After, Surge

After 167% Surge, Prysmian Shares Cool Off as Profit-Taking Kicks In

19.05.2026 - 06:03:32 | boerse-global.de

Prysmian falls 3.4% on Milan bourse as overbought RSI triggers profit-taking; long-term demand from AI, data centers, and grid upgrades remains intact.

After 167% Surge, Prysmian Shares Cool Off as Profit-Taking Kicks In - Foto: über boerse-global.de
After 167% Surge, Prysmian Shares Cool Off as Profit-Taking Kicks In - Foto: über boerse-global.de

The session was a tale of two sectors on the Milan bourse Monday. While energy heavyweights like Eni surged 3.2% on a jump in Brent crude to $110.57 a barrel, industrial stocks took a beating. At the bottom of the FTSE MIB sat Prysmian, the cable giant that has been on an almost non-stop rally for a year. Its shares dropped 3.4% to €147.95, far outpacing the index's 0.9% decline to 48,669 points.

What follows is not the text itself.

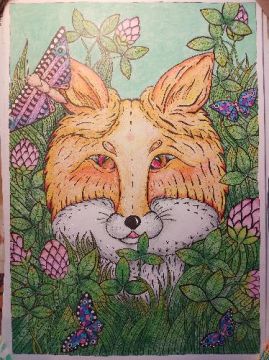 Fox in clover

The pullback was hardly a surprise to technical analysts. The relative strength index had climbed to 76.6 — deep into overbought territory for weeks. The stock now trades more than 55% above its 200-day moving average of €95, and the recent 52-week high of €155.85 — set just a week ago on May 11 — left little room for anything but profit-taking. The first support level at €148.80 has already been breached, putting the €145–149 zone in focus.

Yet the long-term story remains as powerful as ever. Over the past twelve months, Prysmian has delivered a staggering 167% gain, and year-to-date the advance stands at roughly 65%. The market capitalisation hovers around €44 billion, cementing the company's status as a European infrastructure heavyweight. The structural demand for high-performance cables — driven by data centres, AI buildouts, and grid modernisation — shows no sign of slowing. On the US front, the Pennsylvania Digital I project alone targets a 1.35-gigawatt capacity, requiring cable volumes at an industrial scale.

Should investors sell immediately? Or is it worth buying Prysmian?

Competitive pressures are also intensifying. Nexans, a key rival in the high-voltage submarine cable market, took delivery of its new cable-laying vessel "CLV Nexans Electra" on Monday. The hybrid ship can carry 13,500 tonnes of cable and lay up to four lines simultaneously — a clear signal that the race for offshore wind and interconnection contracts is heating up. Meanwhile, in the utility sector, NextEra Energy's $67 billion acquisition of Dominion Energy underscores the enormous investment needed in power grids, a core market for Prysmian.

Valuation, however, gives pause. The stock trades at a price-to-earnings ratio of roughly 34, leaving little margin for error. The dividend yield, below 1%, offers no cushion for income-focused investors. Other Italian names fared better on the day: Tamburi Investment Partners reported a net profit of €23.5 million for the first quarter — four times the year-ago figure — and El.En. posted a 3.3% revenue increase to €145.6 million. That divergence suggests Monday's selloff in Prysmian was more about profit-taking than a broader sector rot.

Whether the dip becomes a buying opportunity or the start of a deeper correction will depend on how quickly new large-scale orders are announced. For now, the stock is testing a support corridor that runs from €145 to €149 — a zone that must hold if the recent rally is to resume.